Another view of new year celebration
Monday, January 02, 2023
Thousands of music lovers flocked the BK Arena for the East African Party on January 1. The show was headlined by only local artistes. Photo: Dan Kwizera.

We are well into the new year, well, only three days really, but we are already settling into it. The partying is over and so too the good cheer and best wishes, and probably the goodwill as well. These, apparently are seasonal, like the festive period.

We are quickly getting back to our old ways, returning to our favourite vices (I don’t hear much about virtues), the new year and resolutions made notwithstanding. Some will rush ahead; others plod along as always. There will be hustlers and others who wonder what the hassle is all about. Those whose usual brooding was temporarily lifted by the festive season will return to their normal state as will the liars, cheats and thieves. Drunks will carry on, except perhaps those in public service for whom imbibing a little too much is becoming risky.

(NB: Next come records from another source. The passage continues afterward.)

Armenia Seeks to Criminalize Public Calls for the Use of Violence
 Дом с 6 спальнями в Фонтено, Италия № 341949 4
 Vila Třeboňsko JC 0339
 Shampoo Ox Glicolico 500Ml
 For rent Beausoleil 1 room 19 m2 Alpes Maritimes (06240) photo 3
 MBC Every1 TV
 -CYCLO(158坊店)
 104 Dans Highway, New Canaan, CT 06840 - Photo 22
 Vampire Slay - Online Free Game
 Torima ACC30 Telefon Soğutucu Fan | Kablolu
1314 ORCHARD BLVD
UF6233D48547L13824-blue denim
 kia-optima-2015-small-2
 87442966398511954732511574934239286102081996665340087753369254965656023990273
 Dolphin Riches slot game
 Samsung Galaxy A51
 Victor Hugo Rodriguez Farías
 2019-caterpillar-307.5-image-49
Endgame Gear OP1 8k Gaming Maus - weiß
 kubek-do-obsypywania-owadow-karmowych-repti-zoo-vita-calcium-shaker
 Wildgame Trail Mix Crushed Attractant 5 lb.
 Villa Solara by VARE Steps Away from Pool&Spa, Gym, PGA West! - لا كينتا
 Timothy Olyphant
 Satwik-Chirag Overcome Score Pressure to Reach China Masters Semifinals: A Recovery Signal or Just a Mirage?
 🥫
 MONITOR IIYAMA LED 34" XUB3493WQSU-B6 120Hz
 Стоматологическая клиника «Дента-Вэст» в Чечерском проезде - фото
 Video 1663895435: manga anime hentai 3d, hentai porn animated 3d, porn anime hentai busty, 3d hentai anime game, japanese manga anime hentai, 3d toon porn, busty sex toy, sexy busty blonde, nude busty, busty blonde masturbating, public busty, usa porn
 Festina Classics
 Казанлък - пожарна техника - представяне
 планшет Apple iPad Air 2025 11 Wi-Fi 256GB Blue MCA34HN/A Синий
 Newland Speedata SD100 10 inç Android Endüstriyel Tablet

All who could, celebrated the coming of the new year, welcomed it like a long-awaited guest accustomed to bringing goodies. We celebrate even when we do not know what sort they are, whether they will please or disappoint, bring joy or sorrow or indifference.

We celebrate that we have lived to see another year – really the same as we do every morning for a new day. Only this time it is on a larger time scale and so we mark it with appropriate splash.Some do it in excess; others in moderation. Even those with meagre means will find a way to mark this important passage of time.

I often wonder what we feel about the year that has just ended. It seems to be forgotten very quickly.

Maybe some say: thank God it’s gone. What a terrible time it was! It should have ended long before and saved them from the misery. For these the new one cannot get worse, only better.

Others perhaps look back on it with regret, that it passed too soon. Things were looking bright and so they have had more time to enjoy it all. Or they did not have time to complete some business. Or they had successes in it and can’t be sure if it will be the same in the new.

There must be some who don’t care much. It does not make any difference one way or the other.

And the new one, what is the general attitude?

Some are upbeat about what is coming and what they will do. They are full of ideas and plans and projects, and think this is an opportunity to make their mark. Their only worry is the new year may be too short for them to accomplish all they plan.

For others, there is always the hope that it will be different and better, bring more joy and less pain, better rewards and fewer regrets, and more harmony than discord.

It is a chance to make amends for failures and shortcomings of the past year, put matters right, or make a fresh start.

And then there are those for whom it does not really matter. It will probably be the same as the one ended, leave behind the same unresolved issues. And so they will likely go through it with a great deal of indifference or resignation.

But perhaps we don’t really think about these things or we push them away from our consciousness. Some make usuncomfortable as they reveal our fragility and insecurity. Waking up to a new day or a new year is a sort of unexpected bonus. We don’t know what the next day will be like, which makes every moment precious and worthy of celebration.

Which perhaps explains why we have contrived to give what is the biggest global secular occasion a religious dimension. While some party and wait to see fireworks go off to usher in the new year, others fill places of worship and other public spaces to keep vigil for the dying year and thank God for giving them a new one. It is an acknowledgement of his power as the ultimate giver of all gifts, including life, which, of course, we measure ona timescale.

And so celebration of the new year that sometimes carries on as if there will be no other is really the expression of a mixture of gratitude and relief that you have gone through the year unscathed, or with only minor scratches and bruises, survived terrible disaster when all around there are upheavals and uncertainty and death.

As these thoughts on another view of new year celebrations passed through my mind, I realised how it was difficult in some parts of our neighbourhood to join in the optimism of a better tomorrow. In some of these parts, goodwill is desperately short. Instead, there is an abundance of ill-will. Some in authority, emboldened by the support they get from a callous world, are determined to deny their citizens their very existence.

Luckily, those targeted are also determined not to be exterminated, and there are others who are doing something about it.

But there is hope that the rest of the world will wake up to this danger and help end it. It is only a hope, but we always live in hope. That is what the new year offers – hope that things will change and become better.